Later when retail clinics began to surge in popularity, they faced heated opposition from physicians who picketed outside stores or railed against convenient care providers in full-page newspaper ads.

In order to gain acceptance, retail clinics limited the scope of their services. But while the tactic worked, it created a barrier that nurse practitioners and physician assistants who work in the clinics now must constantly push back against.

Angela Patterson, chief nurse practitioner officer for the more than 1,100 CVS Health Minute Clinics, stressed how retail clinics have to move away from “sore throats and flu shots.” This requires moving away from just acute episodic care to treating patients holistically and to serving as a “safety net for primary care” in providing screening, monitoring and initiating treatment for chronic disease, she said.

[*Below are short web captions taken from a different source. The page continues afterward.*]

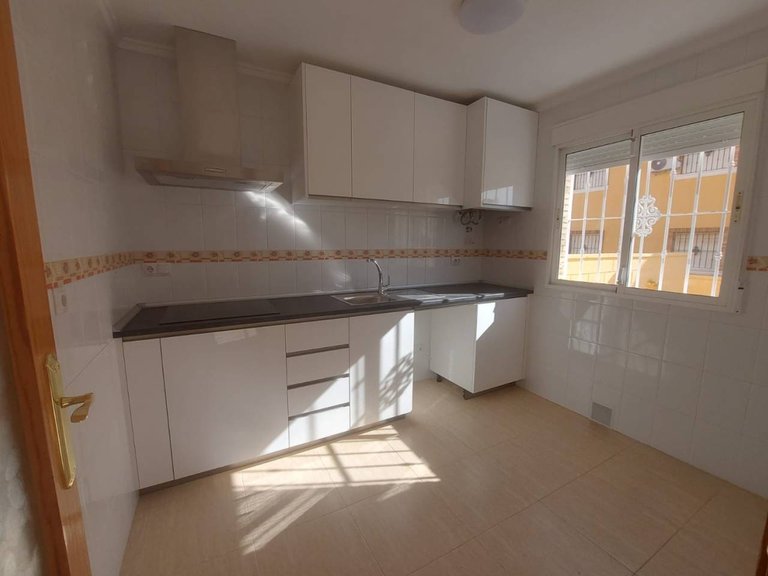 Villa for Sale in Ciudad Quesada, Alicante 4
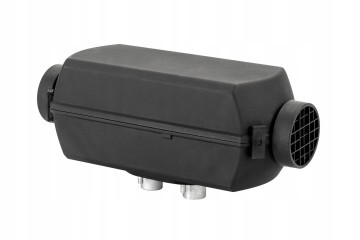 PARKING HEATER AUTOTERM AIR 2 kW 12V A2D12V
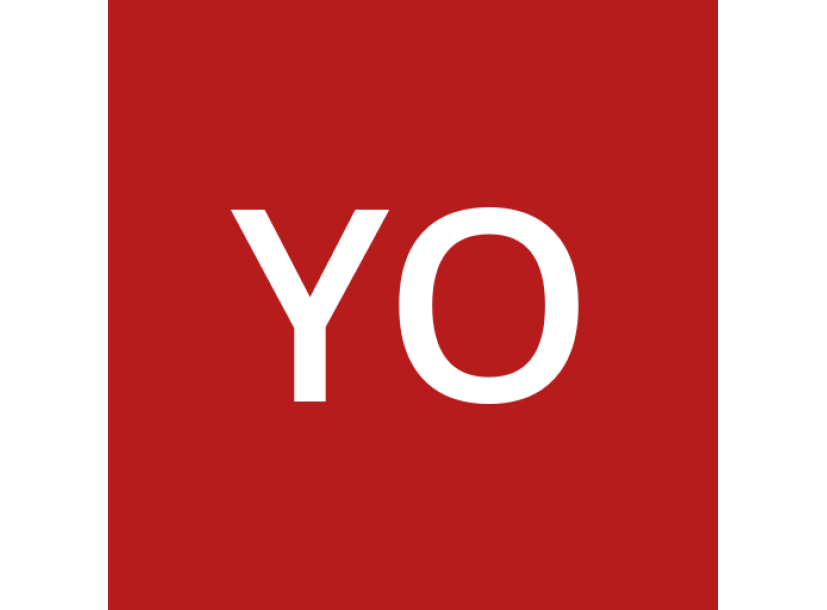 خرید شماره مجازی Youstar خرید شماره مجازی Youstar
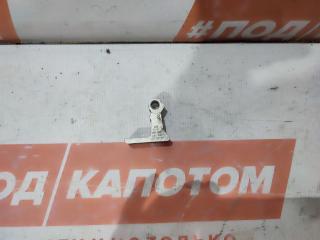 петля двери Volkswagen Tiguan 1 поколение 2010, 2.0 л., CAWA, бензин, АКПП, 7b / r7l, внедорожник 5 дв., полный привод, 5N0831401A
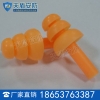 耳塞产品介绍 耳塞产品价格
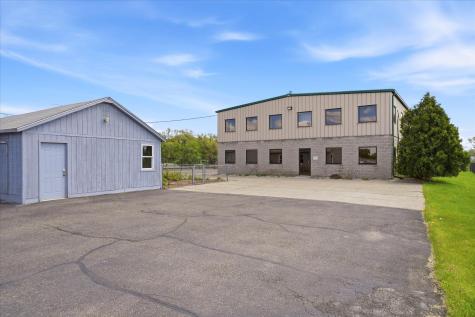617 Pierce Street Anoka MN 55303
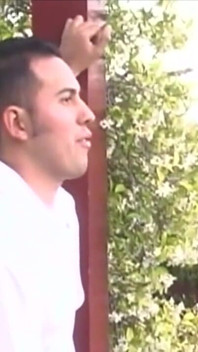 Vintage Porn with Blowjob and Fucked to a Big Cock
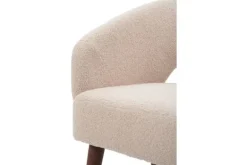 Discount Eetkamerstoel Virlet Eetkamerstoelen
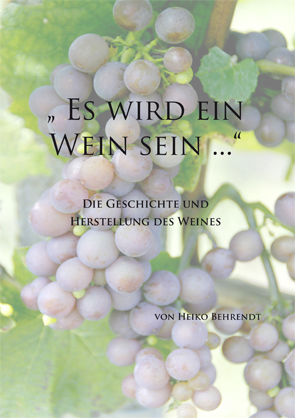 Bildband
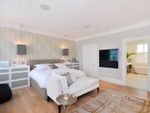 Thumbnail to rent in Hereford Road, Notting Hill, London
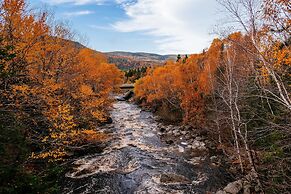 Marblewood Village Resort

Patterson noted the need for nurse practitioners to “practice at the top of their license,” and stressed the difference between “scope of practice” which is the legal limit on services they are allowed to provide and “scope of services” which are the limits provider organizations choose to place on themselves.

Patterson added that NPs in retail clinics have to make better use of technological advances so they are not just working in the isolation of their particular facility. She said they must also meet the patient-satisfaction challenge of delivering “an experience that delights” consumers.

The other major challenge panelists discussed was recruiting and retaining experienced staff. Nancy Zaner, chief nurse practitioner officer for Walmart Care Clinics, noted her company has particular trouble staffing its remote locations.

“I don’t see that as a challenge that’s going away,” Zaner said. She added that the profession must look into the future and develop the needed workforce pipeline, but she also noted that “the bulk of our work has to be spent on retention.”

They must do all this while also battling against a misconception that NPs and retail clinics are stealing patients from primary-care physicians.

“We filled a void,” Zaner said in describing how retail clinics had evening hours and were open on weekends when physician offices were closed.